Pepered passwords: an additional secret is used for salting. The stored hash now depends on plaintext password, plain salt, "secret" pepper. When server is compromised, most likely pepper is compromised too. If not (eg: only database/backups are exposed), pepper needs to be recovered before brute force of passwords is viable. If the attacker has an account (know a password) it's straightforward to attempt to brute force the pepper, but unless it's weak (eg not a 128 bit random number) - it should not be feasible.

Finally, horcruxing - has nothing to do with server side. Has nothing to do with hashing. Is a simple suffix appended to any given password stored in a password manager, in a INMHO misguided attempt at improved security.

Server sees full password on account creation and login. Seems to suggested to share "horcqrux" cross accounts.

An attacker compromising the passwords stored in the password manager, only gets ~half the password. Need to get the other half via brute force, through compromising another account sharing the same suffix/horcrux, via keyboard logger etc.

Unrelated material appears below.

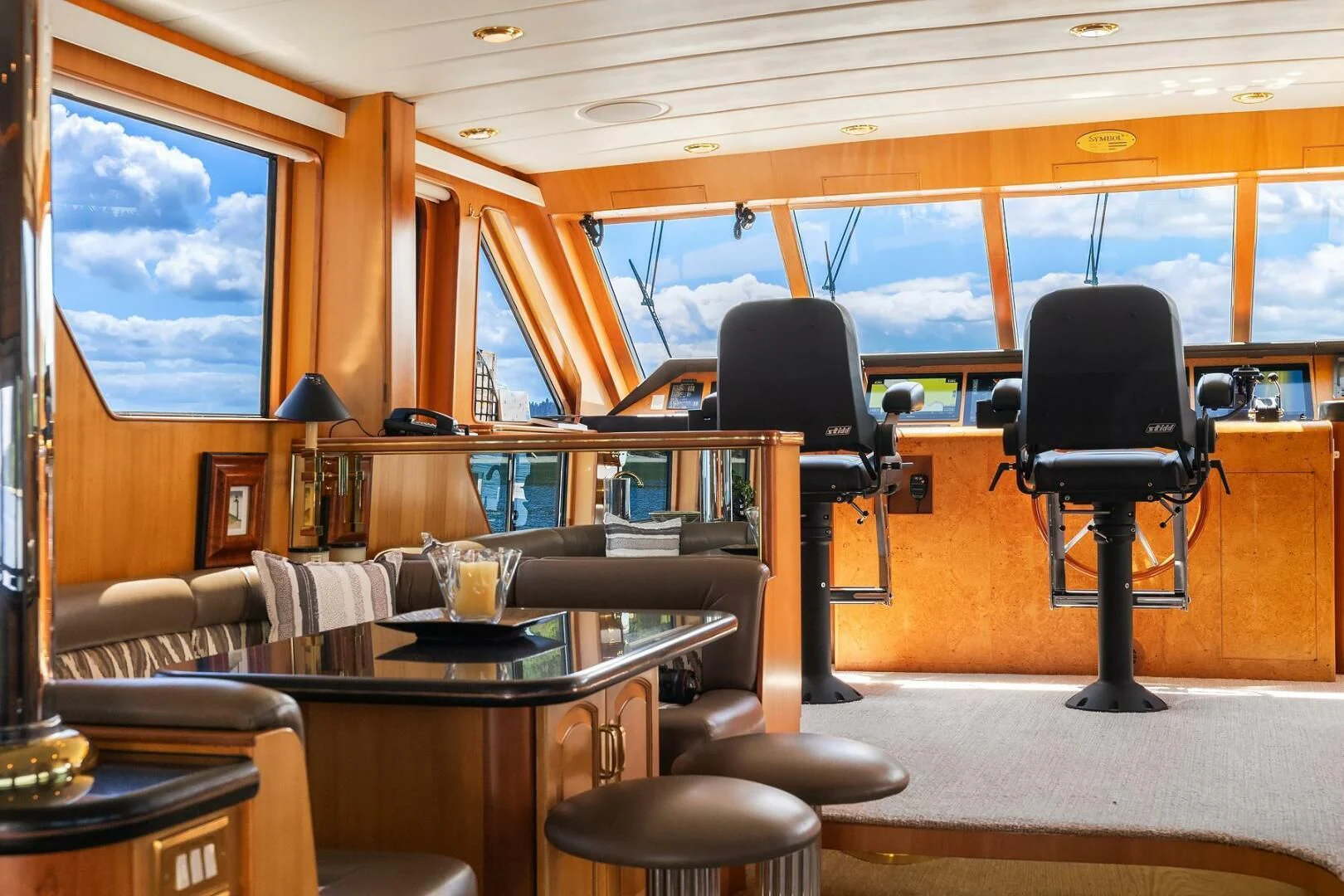 a room with a desk and chairs aboard QUE SA-RAH SA-RAH Yacht for Sale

A physical compromise of a device with a password manager seem to likely open up for a lot of these attacks.

Note that bitwarden uses 2fa to authenticate a client - but AFAIK if you have a copy of the data/vault - the passphrase is sufficient to get the decryption key.

Horcruxing defends against some odd threats, and otherwise adds more complexity than security IMNHO.

Quick question: how do you deal with sharing important passwords with your closest relatives in case you are unable to recall it (sick, dead)?
Printed paper backup in a sealed (=tamper evident) bag in a safe with a family-known code.
It seems to me that this does not add a lot of security if you use the same extra word for all passwords.

It probably does add a lot of security if you use a different extra word for each password, but then you can't remember them anymore and you need to write them down somewhere.

Not if you use some obscure pattern for these added words. Yeah if a hacker saw a bunch of them then maybe it could be deciphered, but wayy better than reusing the same one.
I think it’s more of a last line of defence in case your password manager gets compromised. Especially if your pw manager also handles your TOPTs.

But if your pw manager gets compromised then that’s a pretty big problem so probably best to focus efforts on that not happening.

It could make sense for sensitive accounts like email, valuable social media etc

I am honestly somewhat confused by this newfound lack of confidence in human memory.

When I was 12 years old, everyone around me could easily remember up to 50 different 10 digit phone numbers, I still remember those.

horcrux encrypted messaging related: horcruxencryptedmessaging.jperla.com
I would point out the part you store in your head is the master password.
Although this seems cool, there are at least two downsides:

1. You have to copy/type the password manually, instead of relying on your password manager to recognize the website, leaving you more vulnerable to phishing.

2. More manual entry... I a world where I use passwords around a hundred times per day, I don't want to type them.

Also, it's easy to avoid the two risks he mentions:

1. Don't write your master password on a post-it, duh.

2. Don't leave your session open when getting a coffee.

I'll stick with the standard practice.